エディ・ヴァン・ヘイレンは、エレキギターの歴史を大きく変えたギタリストです。

赤・白・黒のストライプ模様が印象的な自作ギター「フランケンシュタイン」を抱え、常人には到底まねできない超絶技巧を軽々と弾きこなす姿は、多くのロックファンに強烈な衝撃を与えました。

特に彼が広めた「ライトハンド奏法」は、エレキギターの表現力を一気に押し広げました。ジミ・ヘンドリックス以来のギター革命とも言われ、エディ登場以降、多くのギタリストが彼のフレーズやサウンドを追い求めるようになりました。

しかし、その明るく無邪気な笑顔の裏には、決して平坦ではない人生がありました。人種差別に苦しんだ少年時代、バンドメンバーとの対立、アルコールや薬物への依存、そして長年にわたる癌との闘病。エディの人生は、栄光だけでなく苦悩にも満ちていました。

オランダで生まれ、アメリカへ渡った少年時代

エディ・ヴァン・ヘイレンは、1955年1月26日、オランダのアムステルダムで生まれました。

父親のヤンは、クラシックの訓練を受けたクラリネット奏者でありサックス奏者でした。母親のユージニアはインドネシア系の血を引く女性です。エディと兄のアレックスは、幼い頃から音楽に囲まれて育ちました。

しかし、当時のオランダでは有色人種への差別が根強く、母親や子供たちへの風当たりも強いものでした。一家はより良い生活と自由を求め、エディが7歳の時にアメリカ・カリフォルニア州パサデナへ移住します。

ところが、移住先で待っていたのも厳しい現実でした。英語を話せなかったエディとアレックスは学校で孤立し、白人の子供たちからはマイノリティとして扱われ、黒人の子供たちからも仲間外れにされました。

どこにも居場所がない少年時代。その孤独を埋めたのが音楽でした。

最初の楽器はギターではなくピアノだった

意外にも、エディが最初に才能を発揮した楽器はギターではなくピアノでした。

彼は楽譜を読むことができなかったにもかかわらず、先生の手元を見ただけでバッハやモーツァルトの曲を記憶し、演奏してしまうほどの驚異的な耳を持っていました。地元のピアノコンクールでは、3年連続で優勝したといわれています。

やがて思春期を迎えると、ビートルズやデイブ・クラーク・ファイヴなどのロックンロールに強く影響を受けます。
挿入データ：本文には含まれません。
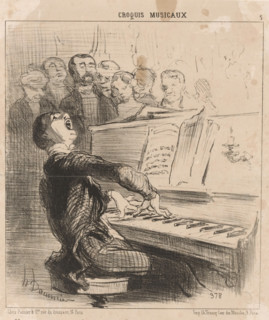 Caricature of a singing pianist, Un monsieur tenant à prouver qu'il peut en même temps chanter et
エディは新聞配達のアルバイトで貯めたお金でドラムセットを購入しました。

しかし、ある日、兄のアレックスがエディのドラムをこっそり叩いている姿を目にします。しかも、持ち主であるエディよりも上手く叩いていたのです。

そこでエディはドラムを兄に譲り、自分はギターを手にします。この偶然の楽器交換が、ロックの歴史を変える大きな分岐点となりました。

ギターに取り憑かれた少年

ギターを手にしたエディの没頭ぶりは尋常ではありませんでした。

部屋にこもり、エリック・クラプトンのレコードを何度も聴き込み、1音1音を完璧にコピーしていきます。食事中も、歩く時も、常にギターを首から下げていたといわれています。

言葉で自分を表現できなかった少年にとって、ギターは本当の声でした。孤独や悔しさ、怒り、喜び。そのすべてを音に変えるための武器が、ギターだったのです。

ヴァン・ヘイレン結成とロサンゼルスでの成功

1972年、エディとアレックスは「マンモス」というバンドを結成します。

当初、エディはギターとボーカルを兼任していましたが、次第に限界を感じるようになります。そこで加入したのが、派手なパフォーマンスと強烈な存在感を持つデイヴィッド・リー・ロスでした。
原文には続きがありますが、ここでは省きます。